> [Brief] Using the listing below, print the line containing "Sherwood Manor 02 - Residential", the line containing "riot police - police", and each line between them, exactly and nothing else. Pictures stay out of the print.

> [Information shown]
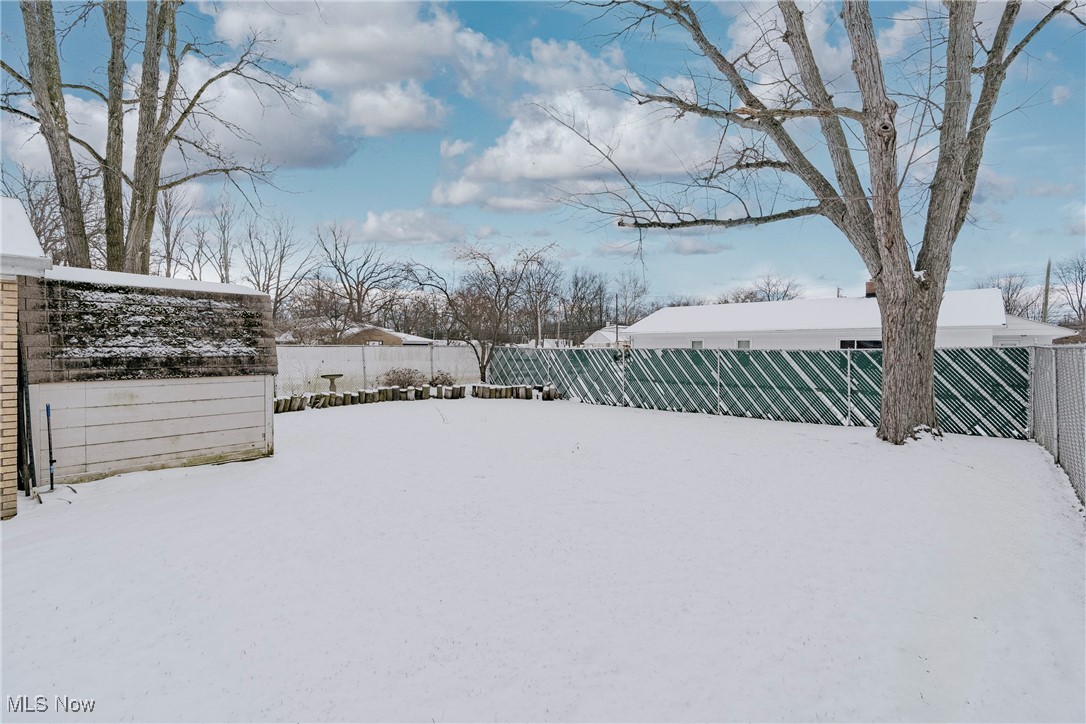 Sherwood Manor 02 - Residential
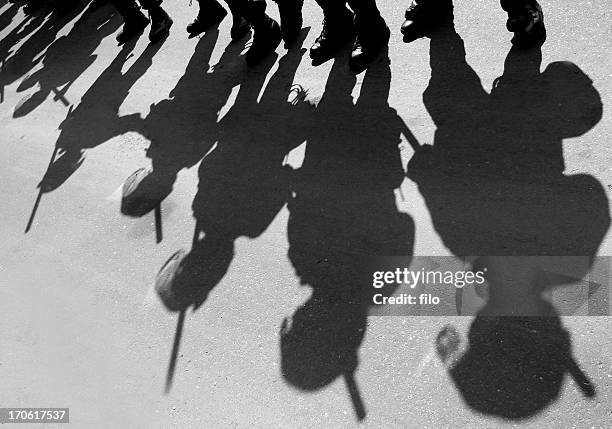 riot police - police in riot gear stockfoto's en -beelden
---
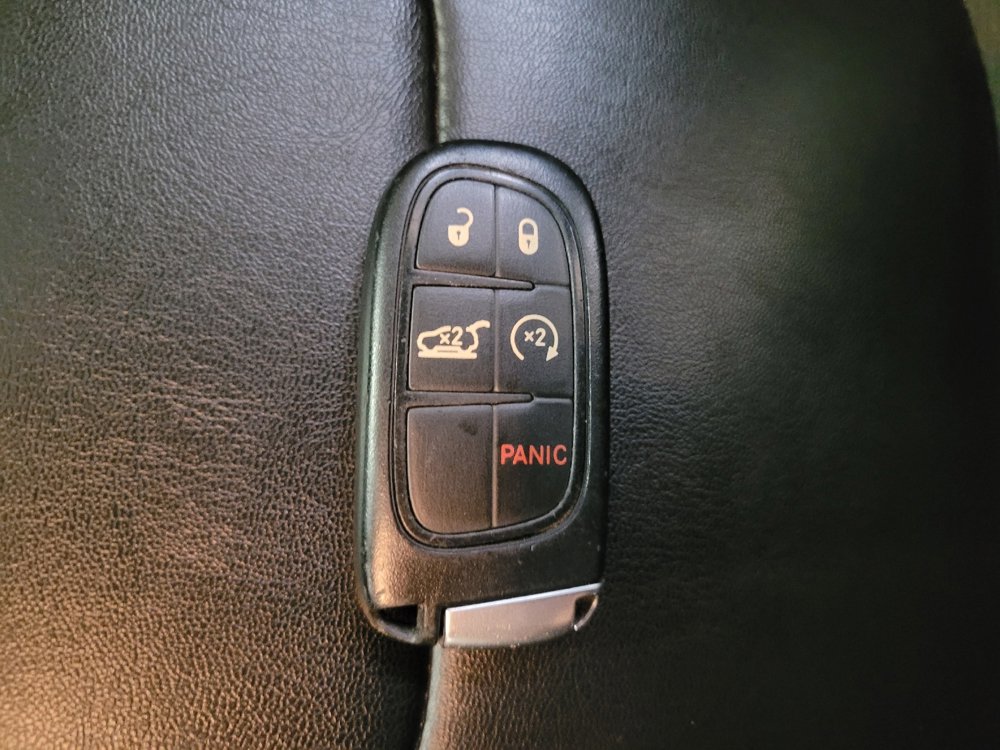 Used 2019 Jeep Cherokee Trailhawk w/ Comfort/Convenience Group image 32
* * *
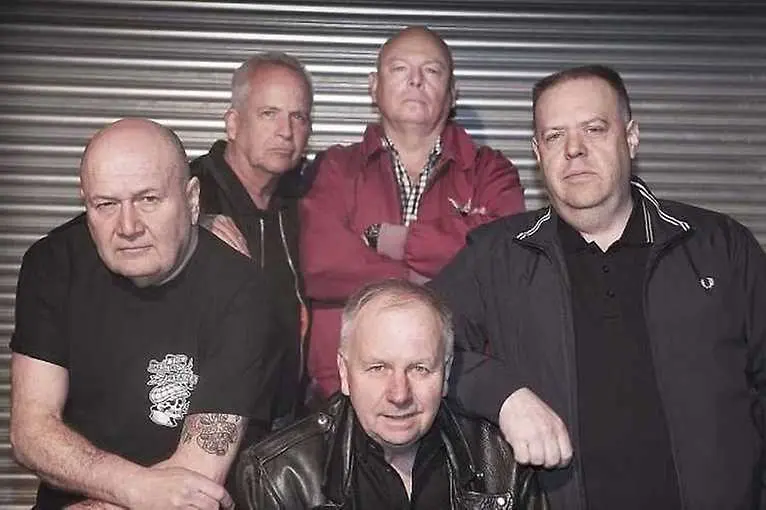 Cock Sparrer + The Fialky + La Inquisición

> [Solution to this problem]
 Sherwood Manor 02 - Residential
 riot police - police in riot gear stockfoto's en -beelden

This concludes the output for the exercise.